A Precipitous Landing
With hotel reservation freshly made in hand, eager light-footed, back-packing globe-trotters from Space City that we were, my wife and I jumped on the boat just outside the Venice Airport terminal ready for our long-awaited destination - the jewel of the North Adriatic Sea, the floating city of poetry in the Laguna de Venezia, the eternal romance that rises from the sea to capture every throbbing heart in this fin-de-siècle world. When our boat stopped at its dock, we charged onto shore with such abandon, enthusiasm, determination, resolve, and purpose that the Allied invasion of Normandy on June 6, 1944 looked like a picnic by comparison.
A Surprise Welcoming Party
After discharging a few passengers and picking up a few more, our boat putt-putted its way to an unknown destination leaving in its wake a sinking feeling in my stomach.
Left on the dock, my wife and I looked around for a few moments, then at each other.
"Where is San Marco Square?" my wife inquired timidly.
I was supposed to be the worldly-wise know-it-all leader of the "expedition," and she always deferred to my superior wisdom - only in foreign land, that is.

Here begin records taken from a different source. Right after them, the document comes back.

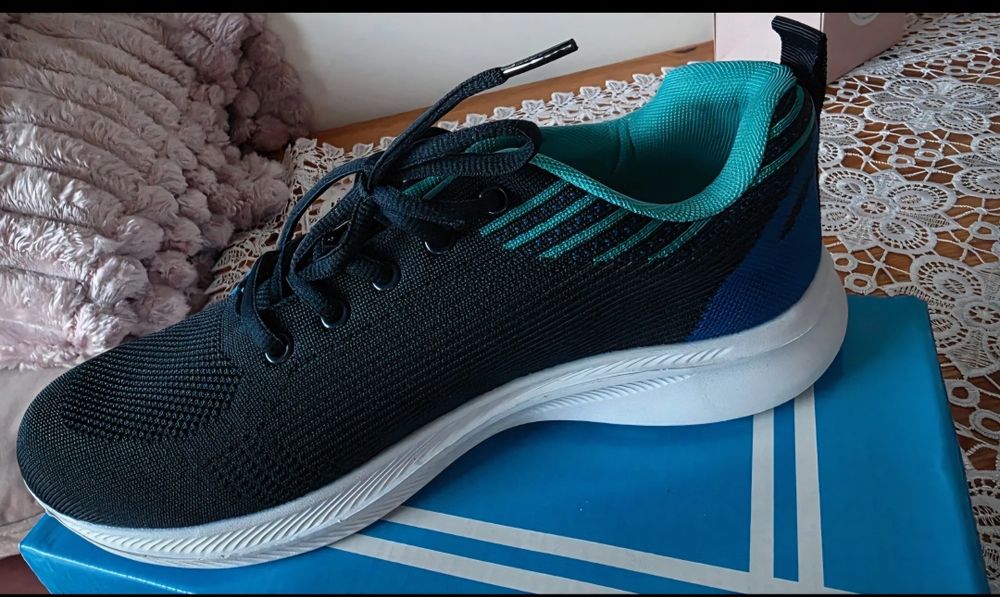 Nowe granatowe damskie sneakersy rozm.41 wkładka 26,7 cm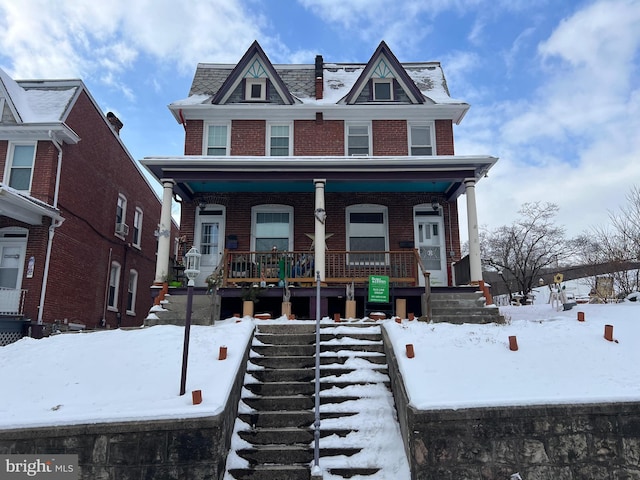 view of front facade featuring a porch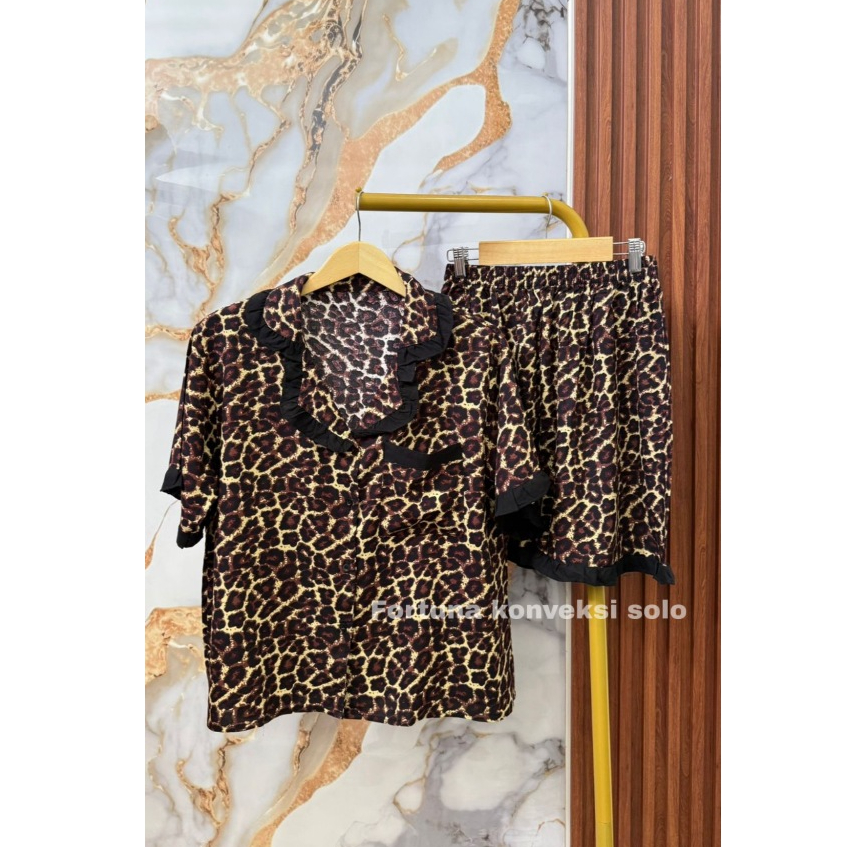 Baju tidur / sleepwear /  piyama motif macan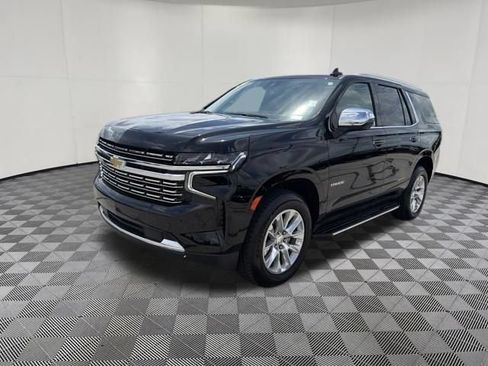 Used 2024 Chevrolet Tahoe Premier AWD/4WD image 13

If what we saw was Venice, then we were ready to call off our incursion, pick up our toys, and slink back to Paris in a huff. What we saw were a few locals going about their business on the narrow dock, where some small boats were moored, and the waterfront animated by a row of colorful low-slung buildings and shops that displayed glass products, and a few narrow alleys leading off to only God knows where.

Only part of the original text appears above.